Short web captions
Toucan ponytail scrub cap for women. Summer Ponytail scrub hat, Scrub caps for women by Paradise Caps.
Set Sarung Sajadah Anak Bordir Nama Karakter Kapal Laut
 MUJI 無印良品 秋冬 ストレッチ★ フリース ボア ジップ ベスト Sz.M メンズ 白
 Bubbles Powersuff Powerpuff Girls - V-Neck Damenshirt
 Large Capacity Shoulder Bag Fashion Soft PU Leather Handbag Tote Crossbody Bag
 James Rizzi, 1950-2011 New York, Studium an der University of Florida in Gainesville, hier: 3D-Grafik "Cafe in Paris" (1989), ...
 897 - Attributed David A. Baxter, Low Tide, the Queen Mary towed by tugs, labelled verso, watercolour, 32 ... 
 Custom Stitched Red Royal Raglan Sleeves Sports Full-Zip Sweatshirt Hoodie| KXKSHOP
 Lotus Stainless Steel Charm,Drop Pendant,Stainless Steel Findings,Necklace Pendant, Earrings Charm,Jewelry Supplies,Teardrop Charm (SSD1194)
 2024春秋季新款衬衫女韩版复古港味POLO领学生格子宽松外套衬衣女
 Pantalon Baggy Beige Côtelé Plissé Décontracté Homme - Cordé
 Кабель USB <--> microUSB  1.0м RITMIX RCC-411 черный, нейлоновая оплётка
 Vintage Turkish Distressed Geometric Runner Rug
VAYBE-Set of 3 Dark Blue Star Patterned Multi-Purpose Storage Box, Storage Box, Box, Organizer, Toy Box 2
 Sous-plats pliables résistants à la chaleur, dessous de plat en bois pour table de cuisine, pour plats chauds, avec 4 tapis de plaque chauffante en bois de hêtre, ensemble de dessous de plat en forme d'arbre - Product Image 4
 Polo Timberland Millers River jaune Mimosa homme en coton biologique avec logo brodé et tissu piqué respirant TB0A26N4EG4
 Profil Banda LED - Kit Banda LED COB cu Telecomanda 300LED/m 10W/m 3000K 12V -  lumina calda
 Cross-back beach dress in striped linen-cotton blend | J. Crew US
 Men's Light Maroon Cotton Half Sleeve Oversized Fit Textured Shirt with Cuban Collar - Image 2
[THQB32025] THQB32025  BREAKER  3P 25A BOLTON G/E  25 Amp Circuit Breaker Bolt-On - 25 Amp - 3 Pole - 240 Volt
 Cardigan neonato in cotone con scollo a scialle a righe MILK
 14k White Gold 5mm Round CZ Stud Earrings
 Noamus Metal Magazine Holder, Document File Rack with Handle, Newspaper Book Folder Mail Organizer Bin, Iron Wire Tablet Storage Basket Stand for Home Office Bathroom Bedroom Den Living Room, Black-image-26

Your task: Look back at the entries above. Retype the line with "2024春秋季新款衬衫女韩版复古港味POLO领学生格子宽松外套衬衣女", the line with "Cardigan neonato in", and all lines in between.

Answer to the problem:
 2024春秋季新款衬衫女韩版复古港味POLO领学生格子宽松外套衬衣女
 Pantalon Baggy Beige Côtelé Plissé Décontracté Homme - Cordé
 Кабель USB <--> microUSB  1.0м RITMIX RCC-411 черный, нейлоновая оплётка
 Vintage Turkish Distressed Geometric Runner Rug
VAYBE-Set of 3 Dark Blue Star Patterned Multi-Purpose Storage Box, Storage Box, Box, Organizer, Toy Box 2
 Sous-plats pliables résistants à la chaleur, dessous de plat en bois pour table de cuisine, pour plats chauds, avec 4 tapis de plaque chauffante en bois de hêtre, ensemble de dessous de plat en forme d'arbre - Product Image 4
 Polo Timberland Millers River jaune Mimosa homme en coton biologique avec logo brodé et tissu piqué respirant TB0A26N4EG4
 Profil Banda LED - Kit Banda LED COB cu Telecomanda 300LED/m 10W/m 3000K 12V -  lumina calda
 Cross-back beach dress in striped linen-cotton blend | J. Crew US
 Men's Light Maroon Cotton Half Sleeve Oversized Fit Textured Shirt with Cuban Collar - Image 2
[THQB32025] THQB32025  BREAKER  3P 25A BOLTON G/E  25 Amp Circuit Breaker Bolt-On - 25 Amp - 3 Pole - 240 Volt
 Cardigan neonato in cotone con scollo a scialle a righe MILK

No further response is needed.